Bail Application Lawyers Sydney
Bail applications can be one of the most frightening experiences for people accused of crimes and their families. Bail applications are high stakes because if unsuccessful, a person may stay in prison for weeks months or years, waiting for their case to finalise. This is a terrifying prospect for someone who has never been to jail and may not think they are tough enough to survive.
Even for people who have been in and out of prison before, the prospect of being refused bail is confronting. It rips them away from their children, wives, family, and friends. They only have a couple of hours visits at correctional centres and 6-minute phone calls.
The impact of being refused bail can be devastating. This is why Australian Criminal Law Group are the criminal lawyers that you and your family need if you are refused bail.
Below is information about the bail process. If you need further representation or bail advice, make a website enquiry here or call our free 24/7 bail hotline on (02) 8815 8167.
What is Bail?
Bail is where a person, charged with a criminal offence, is released from prison while their case is being determined in court.
Bail in New South Wales is mandated under the Bail Act 2013 No 26 which provides a legislative framework for a decision as to whether a person who is accused of an offence or is otherwise required to appear before a court should be detained or released, with or without conditions.
Who can grant bail?
Bail can be granted by one of four main bail authorities. These are listed in The Act as;
- A police officer: Bail is granted by the police after an arrest. This is called ‘police bail’
- Local Court: Where bail is refused by the police, you will attend court to have your matter heard by a local court magistrate at the next possible date. This is ‘court bail’.
- Supreme Court: If you have your bail refused by the local or district courts, you can apply to have your matter heard at the Supreme Court. This is a completely new bail application, and it is heard by a single judge of the Supreme Court
- Court of Criminal Appeal: If bail is refused by the Supreme Court, an application for bail can be made to the Court of Criminal Appeal where three judges of the Supreme Court will hear the application to decide whether to grant bail.
When arrested and charged with an an offence, you will be taken to the police station for processing. Afterwards, a senior police officer may grant you bail, authorising for your immediate release into the community until your court date.
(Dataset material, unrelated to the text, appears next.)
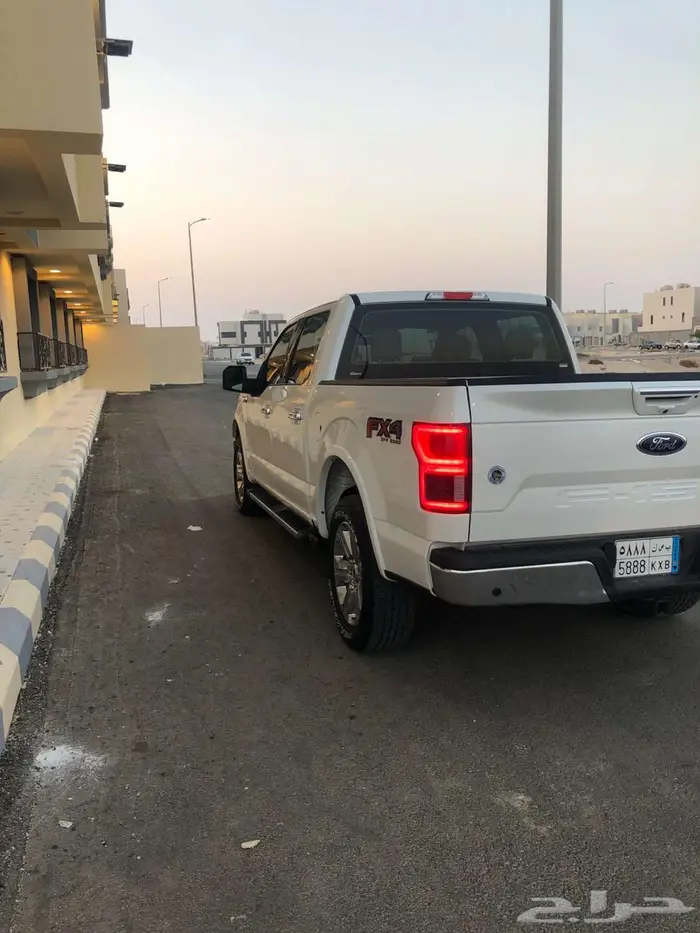 FORD F150 LARIAT 2020 4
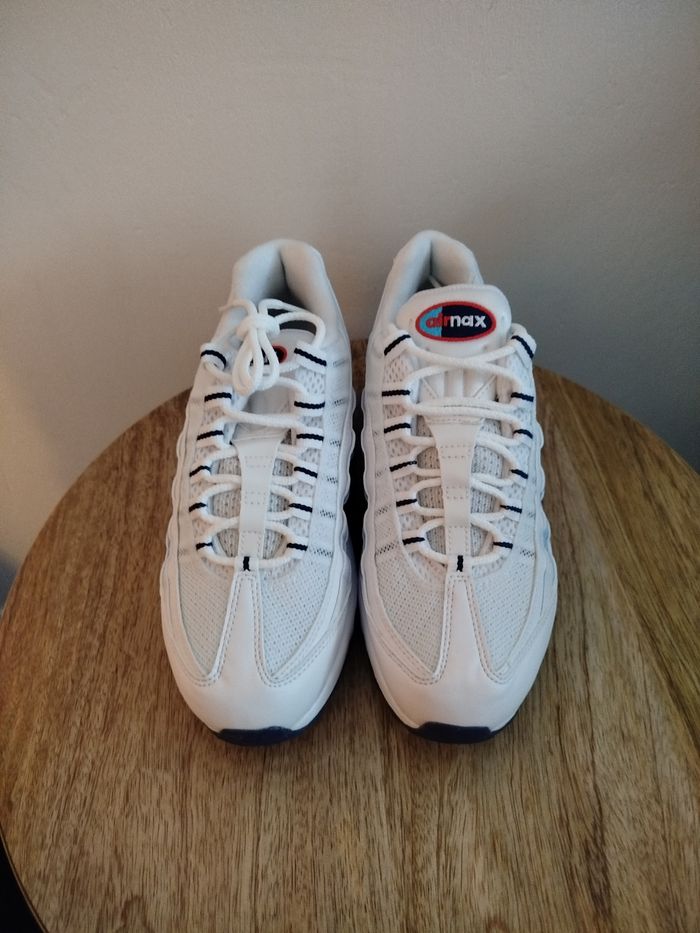 Baskets Nike T 37,5 - photo numéro 5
This is ‘Police Bail’
If this is the case, it means that you can go about your normal life in the community until your case is heard and finalised in court.
Depending on the severity of the offence you may need to comply with certain conditions to meet the terms of your bail. This can include requirements for residing at a specific address, abiding by a curfew and to report to the nearest police station.
To grant bail, the police officer must have the rank of sergeant or higher.
If refused police bail, it is required you be taken you to appear before the nearest court as soon as possible, where you can make a bail application at that time. This normally happens the same or next day.
Local Court Bail Applications
If the police refuse bail, you will be taken to court to make a bail application at that time. This is called ‘Court Bail’.
If you are refused bail at the Local Court or District Court, you can appeal the decision to the NSW Supreme Court. In some circumstances you make a second application to the Local Court, District Court, or Supreme Court.
Supreme Court Bail Applications
If you are refused bail in the Local Court or District Court, you can appeal to the Supreme Court to grant you bail. This is a completely new bail application that is made. An application for bail can only be made after a local court application for bail is refused.
At the Supreme Court a single judge hears evidence from people who support your bail application. These could include family, employers, and treatment providers.
There is a lengthy wait for Supreme Court bail applications of up to 8 weeks, and so they should be lodged immediately after a person is refused bail in the Local Court or District Court.
How to get bail granted?
There are two main types of bail application. The first is the unacceptable risk test. The second is the show cause and unacceptable risk test.
Which of the two tests applies to bail is determined by the charge itself or factors subjective to you, such as whether you are on bail or parole for another offence.
Show Cause Requirement for Bail Applications
If charged with one of the more serious offences such as murder and child sexual offences, or already on bail or parole when charged with certain offences, you will have to ‘show cause’ for why they should be granted bail.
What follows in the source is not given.